What are your IF Hot Takes and Unpopular Opinions?

Inspired by the ongoing conversations about IF for beginners, here’s my latest hot take:

The best IF for any given beginner is whatever game has narrative and/or gameplay elements that make that specific person’s brain light up, and that matters a lot more than how hard or easy the game is, how much it holds your hand, how much it resembles more mainstream video games, how much a parser game is going to teach you skills you need to play other parser games, or any of the other things that get brought up in these discussions.

I would bet that if you polled people who got into IF in the post-commercial-parser-game era, most people’s “the game that got me into IF” wouldn’t be one that was explicitly For Beginners, and a lot of them would probably be considered actively beginner-unfriendly. Finding a game that grabs your brain just right is usually the thing that motivates someone to not only finish a game but go “wow, I’d like to see more stuff like this”, and whether the game is hard or even unfair has less bearing on that than most people would expect, I think.
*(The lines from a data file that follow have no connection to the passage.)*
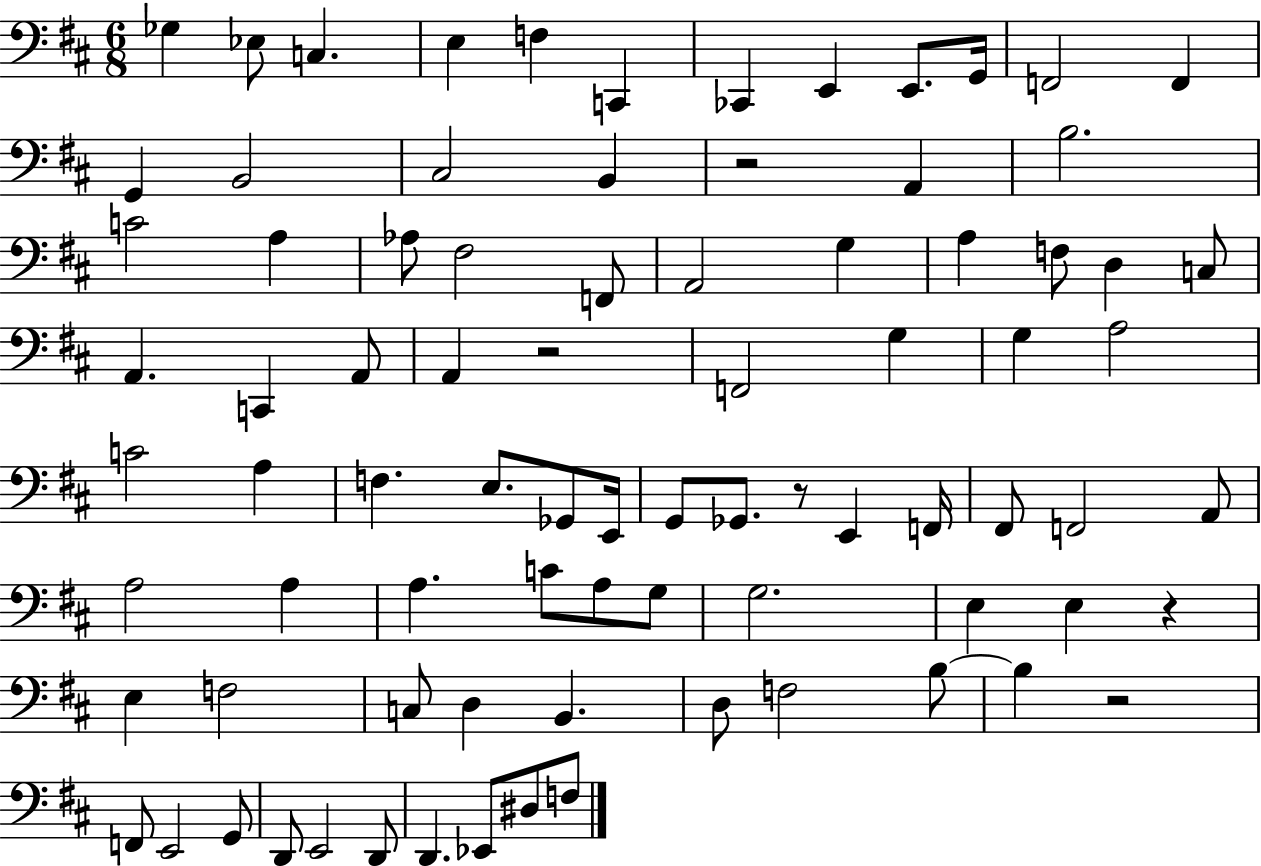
X:1
T:Untitled
M:6/8
L:1/4
K:D
_G, _E,/2 C, E, F, C,, _C,, E,, E,,/2 G,,/4 F,,2 F,, G,, B,,2 ^C,2 B,, z2 A,, B,2 C2 A, _A,/2 ^F,2 F,,/2 A,,2 G, A, F,/2 D, C,/2 A,, C,, A,,/2 A,, z2 F,,2 G, G, A,2 C2 A, F, E,/2 _G,,/2 E,,/4 G,,/2 _G,,/2 z/2 E,, F,,/4 ^F,,/2 F,,2 A,,/2 A,2 A, A, C/2 A,/2 G,/2 G,2 E, E, z E, F,2 C,/2 D, B,, D,/2 F,2 B,/2 B, z2 F,,/2 E,,2 G,,/2 D,,/2 E,,2 D,,/2 D,, _E,,/2 ^D,/2 F,/2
(Lest people think this seems parser-game-centric because choice games usually aren’t that hard or unfair, I also got into VNs back in the early '00s via games that had a lot of un-signposted sudden death or “haha guess what, that seemingly inconsequential choice you made at the beginning of the game locked you out of the best ending!” situations.)

Which is not to say that I’m not in favor of tutorial modes, QoL features, game design that strives to be as fair as possible, or anything like that, just that I feel like arguing about whether or not a specific game is a good one to recommend to nebulous, unspecified Beginners is kind of futile because what’s good for beginners in theory has little relation to what games beginners are actually getting into.